Trash into treasure: Group uses art to raise awareness of ocean pollution

Washed Ashore exhibits feature sculptures of animals made from beach trash

We’ve all heard the saying, "One person’s trash is another person’s treasure." A group in Oregon has taken it to heart and is using that trash to raise awareness of pollution in our oceans.

Starting in 2010, volunteers from Washed Ashore began scouring beaches to rid them of plastic and other trash. Nearly all of that trash is then used to create sculptures of animals that have been impacted by marine pollution.


Katie Dougherty, executive director of the Washed Ashore Project, said teams have collected more than 36 tons of plastic from the Oregon Coast alone which has been used to create 86 sculptures that are pieced together on a stainless-steel frame.

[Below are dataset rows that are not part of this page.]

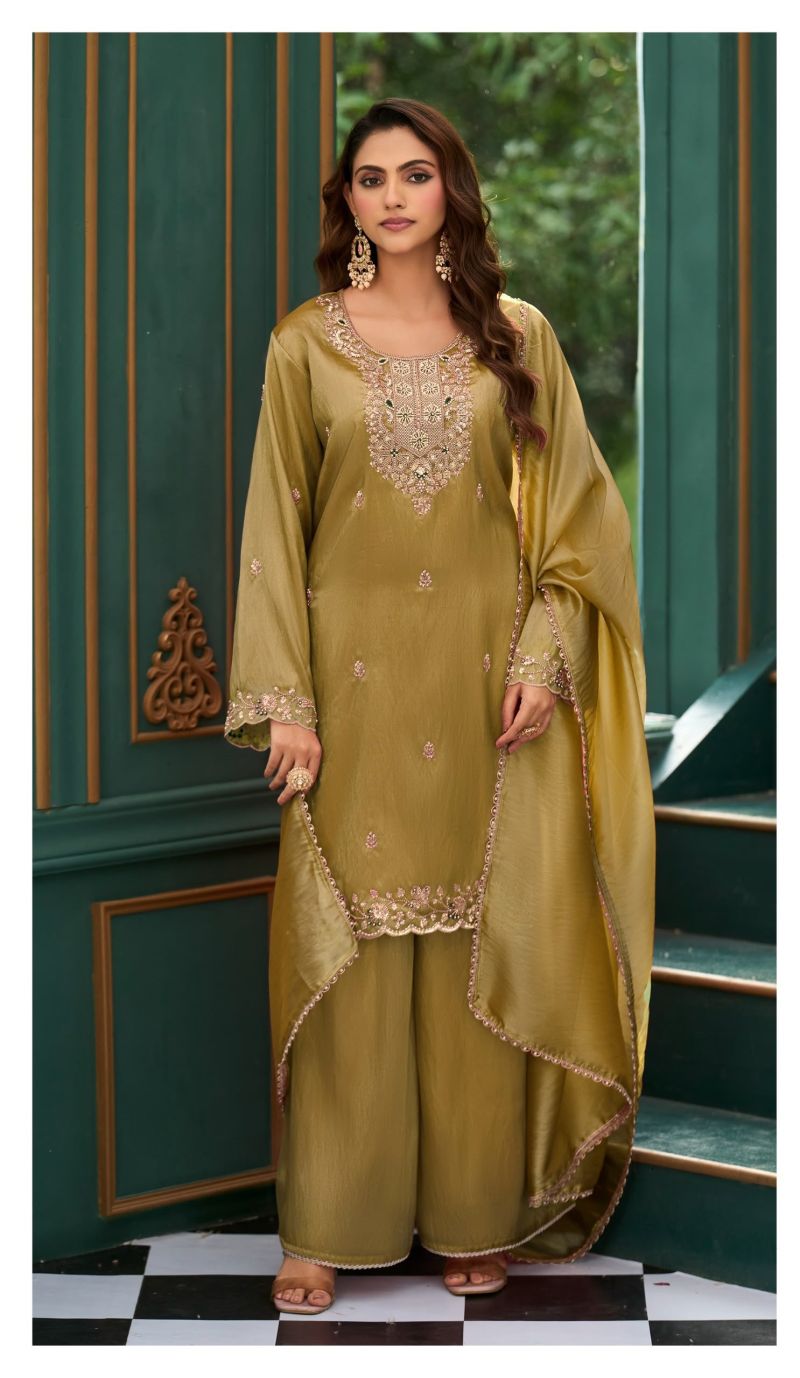 Deepsy D 3576 A To D Beads Work Readymade Salwar Kameez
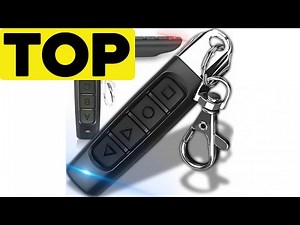 🏆 TOP 3 MEILLEUR TELECOMMANDE DE PORTAIL UNIVERSELLE 2025 🔑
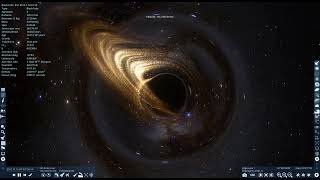 Flying towards the middle of the Small Magellanic Cloud [Space engine]
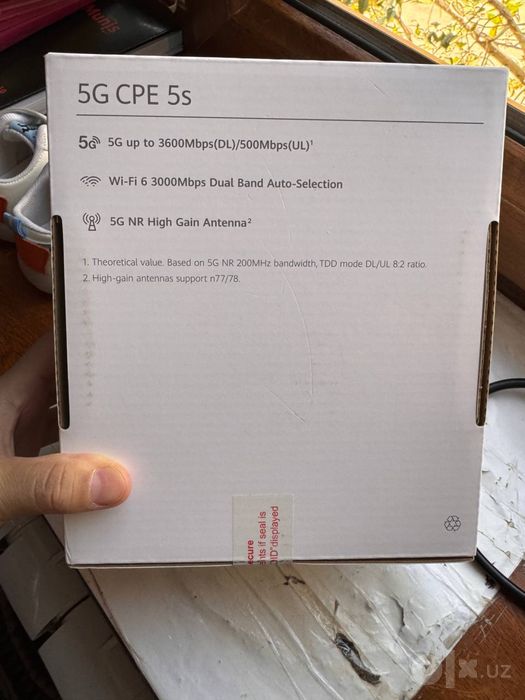 Срочно! 5G Wi-Fi роутер CPE 5s H153-381 (Wi-Fi 6, 3600 Mbps)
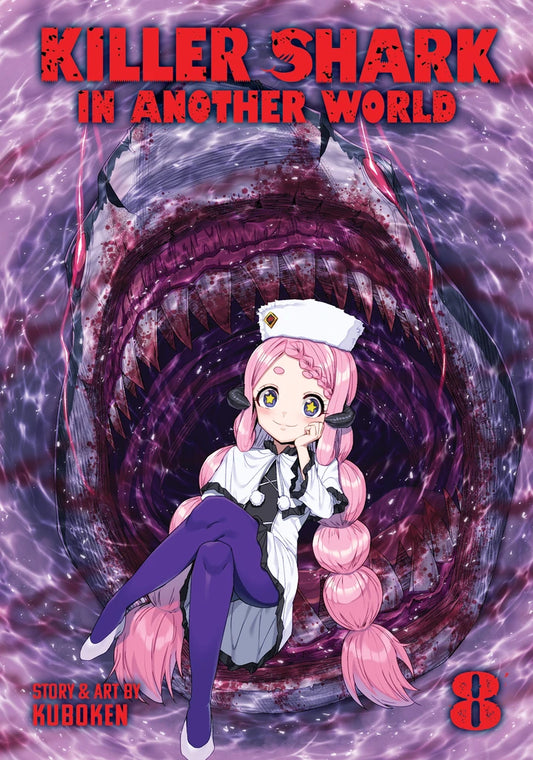 Killer Shark In Another World Vol. 8 [TP] Cover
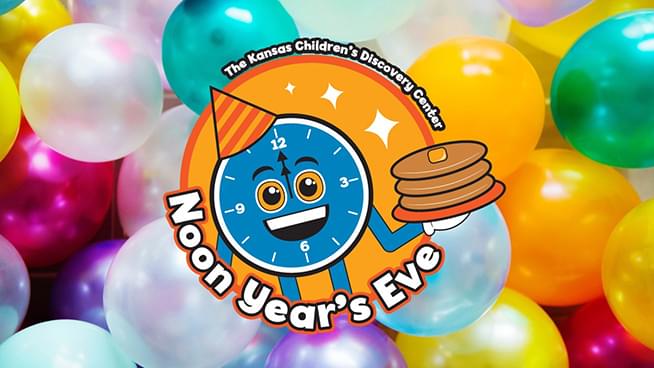 Win tickets to the Noon Year’s Eve at The Kansas Children’s Discovery Center!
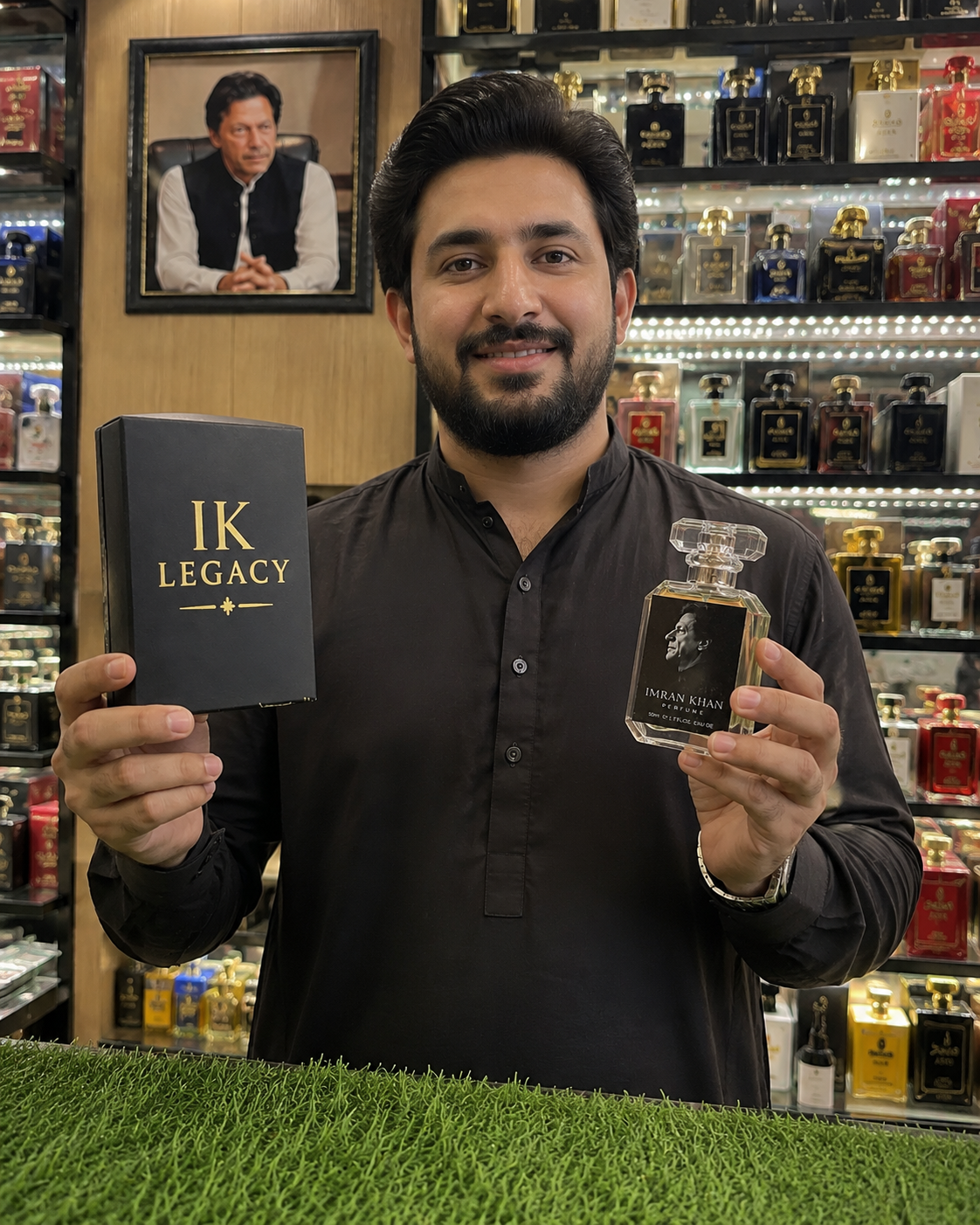 IK Legacy Perfume For Men – Premium Long Lasting 50ml Luxury Fragrance
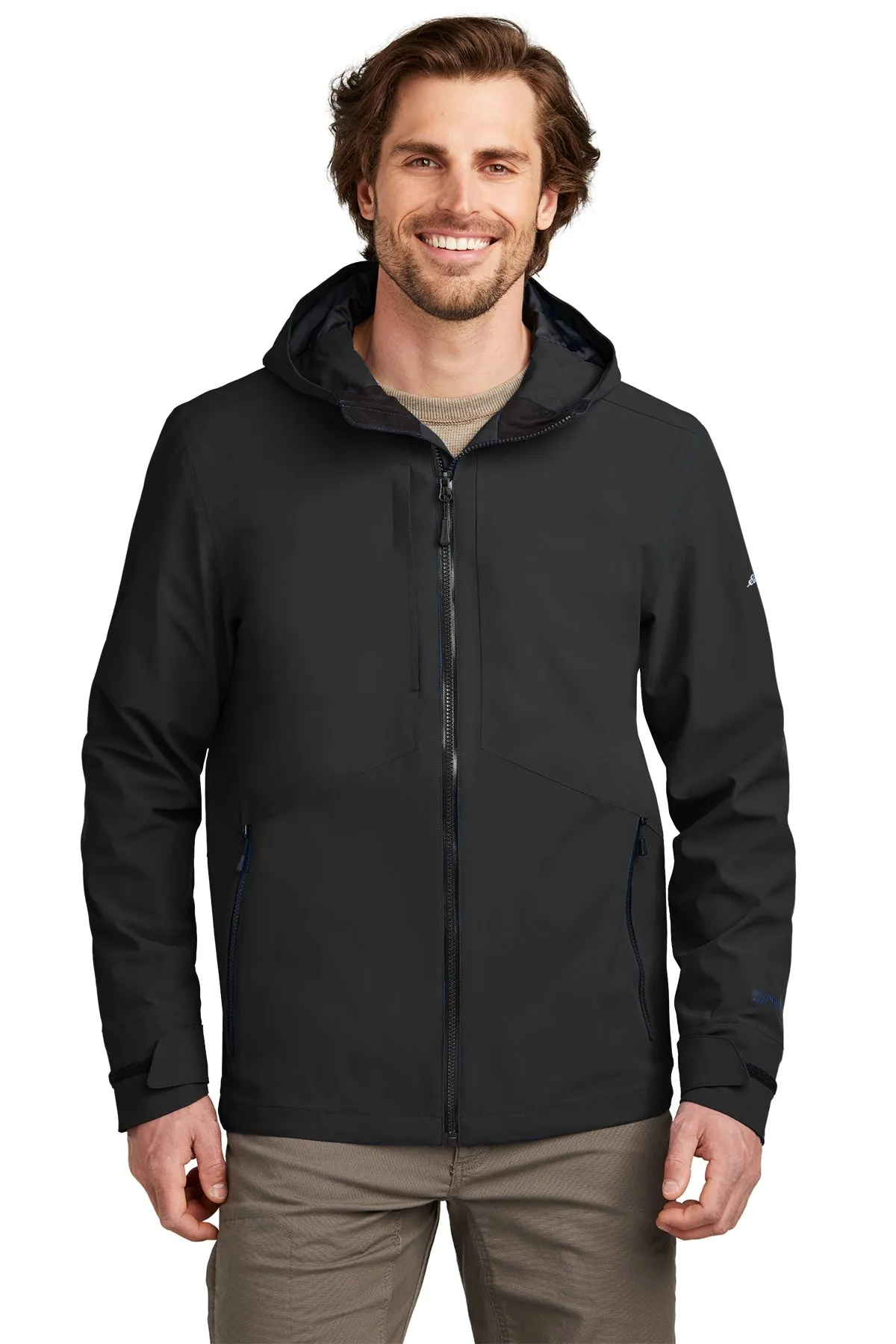 Eddie Bauer WeatherEdge Customized Jackets, Deep Black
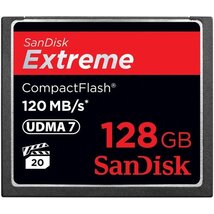 SANDISK Extreme CF 128GB SANDISK Extreme CF 128GB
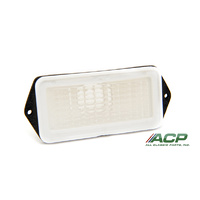 1969 Mustang/Comet Front Side Marker Light Housing w/Clear Lens (Fits RH or LH)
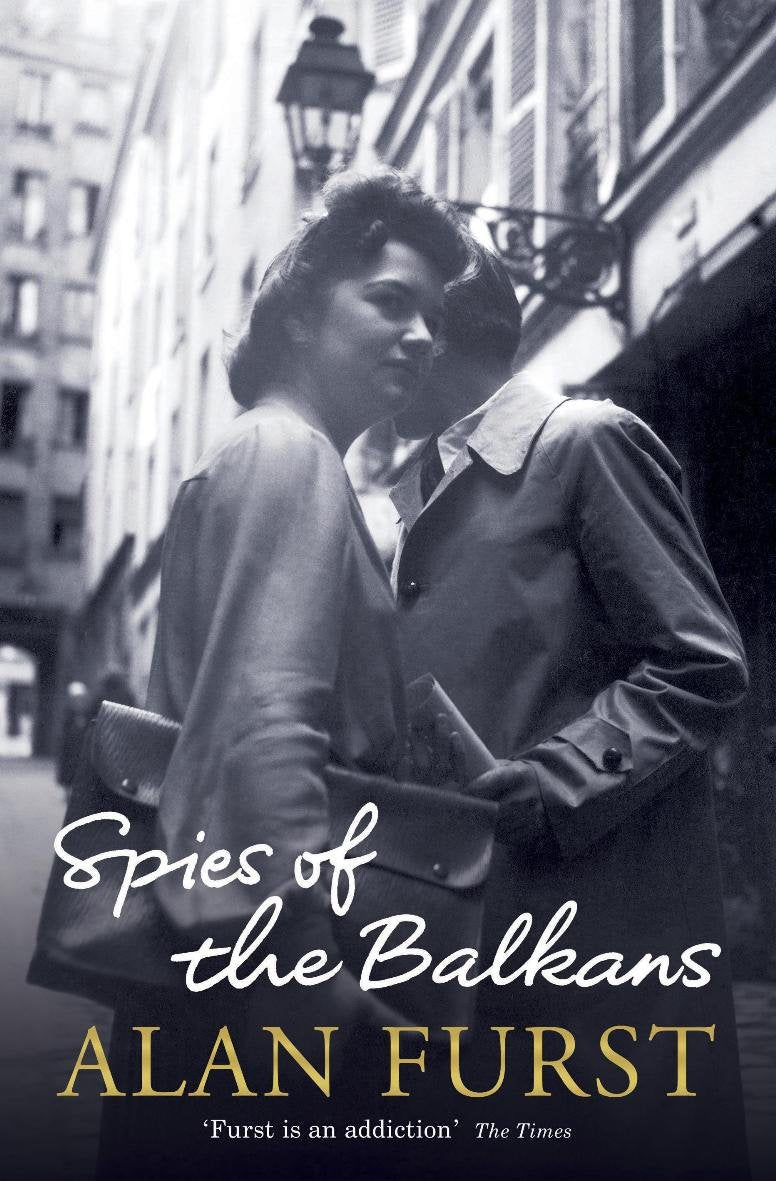 Spies of the Balkans Contemporary literature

"We have the front end of a car on one of our sculptures, but the pacifiers, the baby shoes – all the things that are picked up along the beaches and are used as these recognizables," Dougherty said.

The goal is to educate people who visit the Washed Ashore gallery or one of the traveling exhibits about our habits and how they affect marine life.

"It just really provokes the thought, when you see this discarded plastic that you don’t realize is in our systems and being consumed by our sea life," she said.

According to the Washed Ashore website, volunteers have spent more than 14,000 hours cleaning more than 300 miles of beaches.